Authorities arrested the journalists in Ogaden, a remote southeastern region of Ethiopia populated mainly by ethnic Somalis, where the freelancers had gone to investigate a company affiliated with Sweden's Lundin Petroleum. The court did find that the journalists had not been involved in carrying out any attacks. Some of Ethiopia's allies, including the European Union and United States, expressed concerns about the verdict.
Human rights abuses
Human rights groups call Ethiopia's anti-terror law vague and indiscriminate. The country has detained about 150 people, including 10 reporters, since passing legislation in 2009 to deal with rebel groups that have links to al Qaeda and Eritrea.
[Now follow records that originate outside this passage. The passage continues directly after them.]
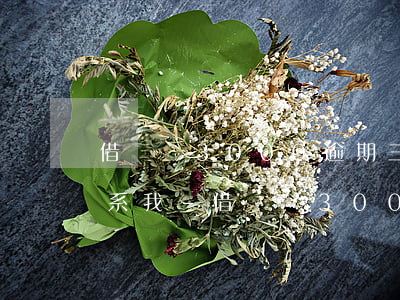 借貸寶3000逾期三年沒聯(lián)系我-借貸寶3000逾期三年沒聯(lián)系我,現(xiàn)在又聯(lián)系我了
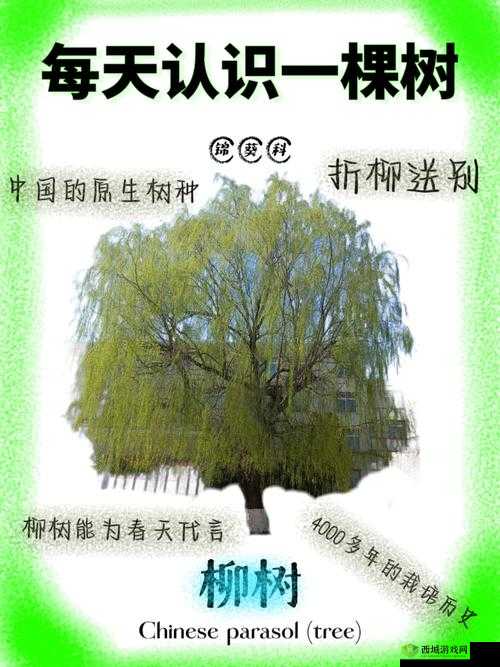 江南百景图中柳树该如何种植？揭秘高效柳树种植技巧！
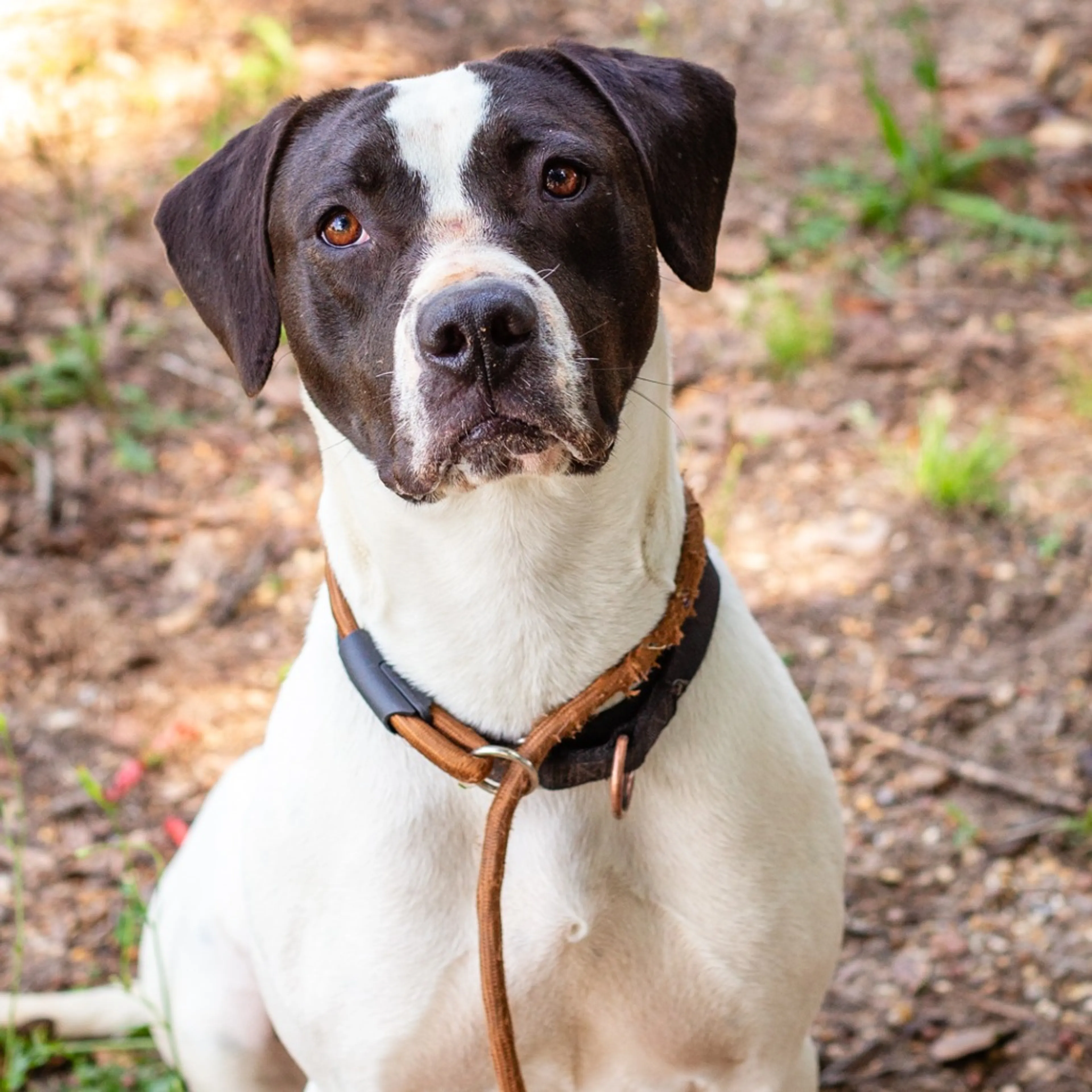 Found pet-18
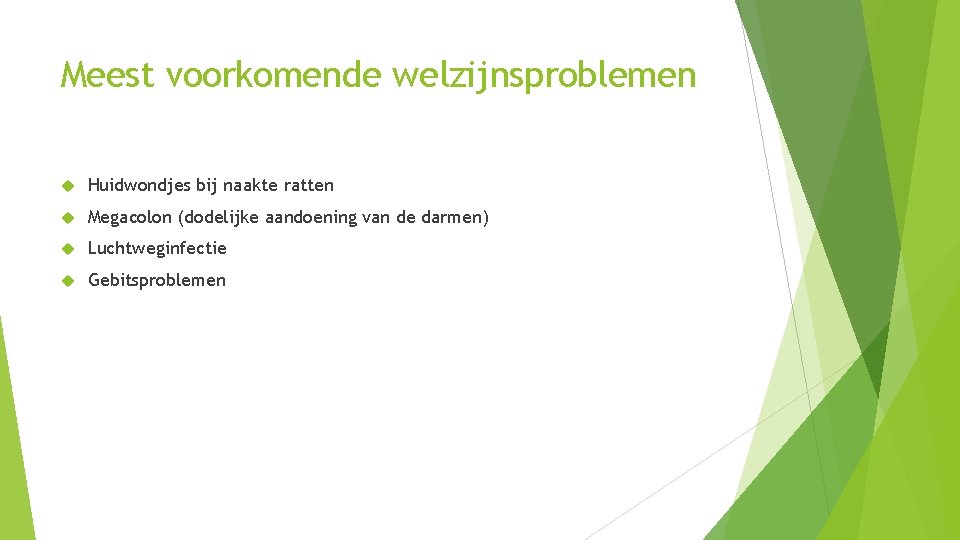 Meest voorkomende welzijnsproblemen Huidwondjes bij naakte ratten Megacolon (dodelijke aandoening van de darmen) Luchtweginfectie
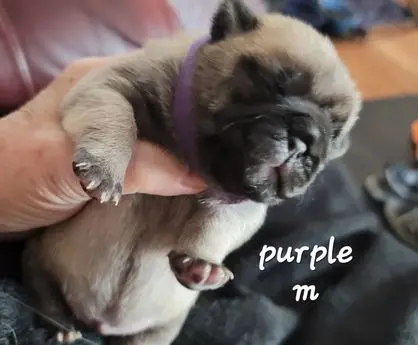 Tiny puppy with a purple collar being gently held.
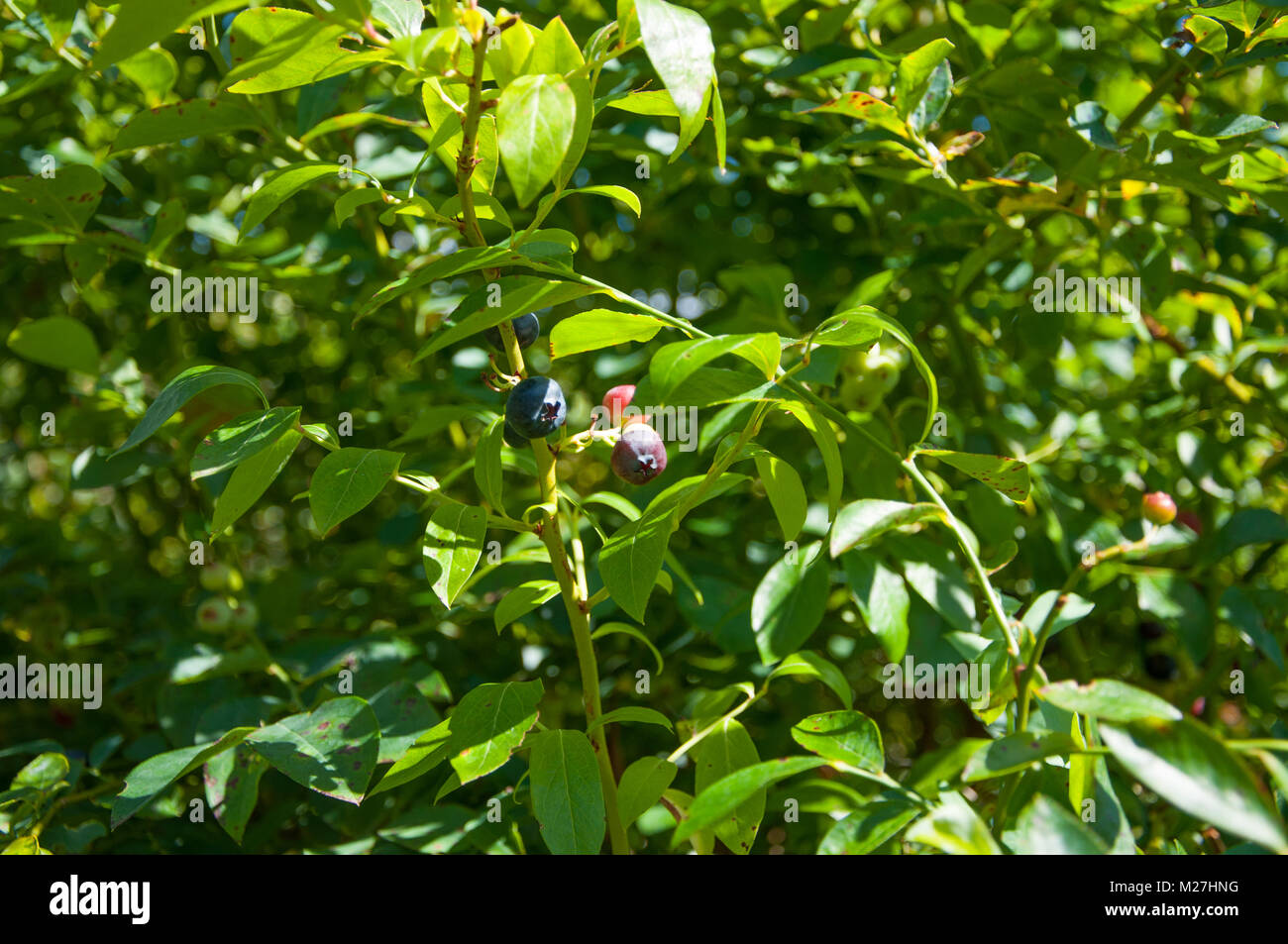 Blueberries On A Blueberry Bush Stock Photo Alamy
There is still no news about Ethiopian journalists detained under the anti-terror law. The Committee to Protect Journalists calls Ethiopia's press laws some of the world's most restrictive. Seventy-nine reporters and editors have been forced into exile since 2001.
In July alone Ethiopia sentenced a prominent blogger and five other exiled journalists to between eight years and life on charges of conspiring with rebels.